# [Problem description]
Below are the records; restate word for word the lines from the first through the one containing "GirishKPandav's tweet image.", and only those.

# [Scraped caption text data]
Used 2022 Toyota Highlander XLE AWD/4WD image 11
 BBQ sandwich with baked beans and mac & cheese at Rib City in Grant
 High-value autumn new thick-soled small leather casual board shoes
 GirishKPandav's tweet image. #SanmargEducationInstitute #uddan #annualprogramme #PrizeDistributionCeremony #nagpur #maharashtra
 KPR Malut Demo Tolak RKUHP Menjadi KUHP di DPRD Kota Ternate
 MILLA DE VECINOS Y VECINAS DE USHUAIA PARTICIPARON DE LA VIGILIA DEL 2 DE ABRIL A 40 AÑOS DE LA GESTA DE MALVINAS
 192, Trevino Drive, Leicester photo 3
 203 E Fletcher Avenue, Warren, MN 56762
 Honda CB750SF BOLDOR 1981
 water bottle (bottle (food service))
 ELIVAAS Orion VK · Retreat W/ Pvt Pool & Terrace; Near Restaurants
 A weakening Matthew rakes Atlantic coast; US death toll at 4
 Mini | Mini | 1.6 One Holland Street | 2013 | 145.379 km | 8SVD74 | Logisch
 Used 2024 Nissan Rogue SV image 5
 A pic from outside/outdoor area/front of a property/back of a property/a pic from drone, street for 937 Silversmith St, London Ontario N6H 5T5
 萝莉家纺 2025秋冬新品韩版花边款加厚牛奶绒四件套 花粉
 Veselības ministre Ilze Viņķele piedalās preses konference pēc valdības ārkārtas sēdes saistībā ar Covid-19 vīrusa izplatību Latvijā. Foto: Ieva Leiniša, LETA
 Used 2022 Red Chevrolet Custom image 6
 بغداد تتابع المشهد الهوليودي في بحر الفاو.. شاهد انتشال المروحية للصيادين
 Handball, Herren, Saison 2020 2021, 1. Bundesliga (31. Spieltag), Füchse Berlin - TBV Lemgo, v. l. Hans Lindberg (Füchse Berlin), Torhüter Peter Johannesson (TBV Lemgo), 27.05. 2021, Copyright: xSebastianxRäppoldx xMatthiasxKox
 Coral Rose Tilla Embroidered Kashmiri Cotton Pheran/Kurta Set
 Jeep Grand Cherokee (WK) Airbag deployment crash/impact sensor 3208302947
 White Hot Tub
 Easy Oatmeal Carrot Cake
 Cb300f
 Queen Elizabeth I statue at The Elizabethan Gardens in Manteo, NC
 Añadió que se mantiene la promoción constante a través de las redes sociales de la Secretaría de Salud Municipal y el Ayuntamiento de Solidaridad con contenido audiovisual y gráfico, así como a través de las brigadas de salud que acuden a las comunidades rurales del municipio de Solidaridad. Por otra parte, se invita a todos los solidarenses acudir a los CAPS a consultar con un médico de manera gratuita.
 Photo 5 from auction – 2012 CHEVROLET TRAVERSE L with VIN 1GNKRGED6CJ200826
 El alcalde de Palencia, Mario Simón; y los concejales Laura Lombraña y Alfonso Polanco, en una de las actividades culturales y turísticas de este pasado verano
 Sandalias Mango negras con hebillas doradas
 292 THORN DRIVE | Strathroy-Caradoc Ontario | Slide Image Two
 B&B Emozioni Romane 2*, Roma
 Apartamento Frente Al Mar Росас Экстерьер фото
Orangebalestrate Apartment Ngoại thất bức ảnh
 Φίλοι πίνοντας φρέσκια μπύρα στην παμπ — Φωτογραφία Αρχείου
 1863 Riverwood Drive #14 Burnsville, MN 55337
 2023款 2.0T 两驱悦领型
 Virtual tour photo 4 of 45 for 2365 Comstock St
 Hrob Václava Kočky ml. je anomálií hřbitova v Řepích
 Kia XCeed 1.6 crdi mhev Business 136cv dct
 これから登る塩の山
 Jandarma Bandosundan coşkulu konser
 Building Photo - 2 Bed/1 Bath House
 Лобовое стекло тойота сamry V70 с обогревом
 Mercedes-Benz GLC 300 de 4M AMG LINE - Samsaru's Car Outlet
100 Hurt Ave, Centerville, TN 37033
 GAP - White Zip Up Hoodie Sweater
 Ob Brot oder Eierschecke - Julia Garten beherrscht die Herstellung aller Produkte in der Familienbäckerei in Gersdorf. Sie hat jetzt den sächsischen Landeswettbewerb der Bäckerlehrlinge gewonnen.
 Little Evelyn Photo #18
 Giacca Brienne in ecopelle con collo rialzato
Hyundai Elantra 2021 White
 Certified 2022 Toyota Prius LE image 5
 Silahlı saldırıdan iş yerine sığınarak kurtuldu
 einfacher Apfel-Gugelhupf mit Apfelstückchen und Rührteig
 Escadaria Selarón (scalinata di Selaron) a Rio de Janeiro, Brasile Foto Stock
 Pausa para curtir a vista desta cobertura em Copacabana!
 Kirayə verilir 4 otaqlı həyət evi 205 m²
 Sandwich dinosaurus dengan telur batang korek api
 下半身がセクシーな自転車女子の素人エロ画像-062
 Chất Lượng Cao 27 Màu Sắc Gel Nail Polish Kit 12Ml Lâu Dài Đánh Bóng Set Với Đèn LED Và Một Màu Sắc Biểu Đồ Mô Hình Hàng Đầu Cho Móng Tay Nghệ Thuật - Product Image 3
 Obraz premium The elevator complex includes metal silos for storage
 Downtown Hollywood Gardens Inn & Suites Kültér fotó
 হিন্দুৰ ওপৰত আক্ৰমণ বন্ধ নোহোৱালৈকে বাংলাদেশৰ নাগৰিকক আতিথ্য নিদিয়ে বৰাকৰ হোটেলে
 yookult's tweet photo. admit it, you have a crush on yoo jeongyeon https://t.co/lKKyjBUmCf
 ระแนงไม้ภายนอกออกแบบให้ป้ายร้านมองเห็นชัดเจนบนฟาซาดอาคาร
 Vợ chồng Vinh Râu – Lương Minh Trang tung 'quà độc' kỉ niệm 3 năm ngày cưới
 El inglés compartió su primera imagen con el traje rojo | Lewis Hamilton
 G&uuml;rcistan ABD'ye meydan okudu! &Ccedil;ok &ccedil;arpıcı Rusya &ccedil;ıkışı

# [Response]
Used 2022 Toyota Highlander XLE AWD/4WD image 11
 BBQ sandwich with baked beans and mac & cheese at Rib City in Grant
 High-value autumn new thick-soled small leather casual board shoes
 GirishKPandav's tweet image. #SanmargEducationInstitute #uddan #annualprogramme #PrizeDistributionCeremony #nagpur #maharashtra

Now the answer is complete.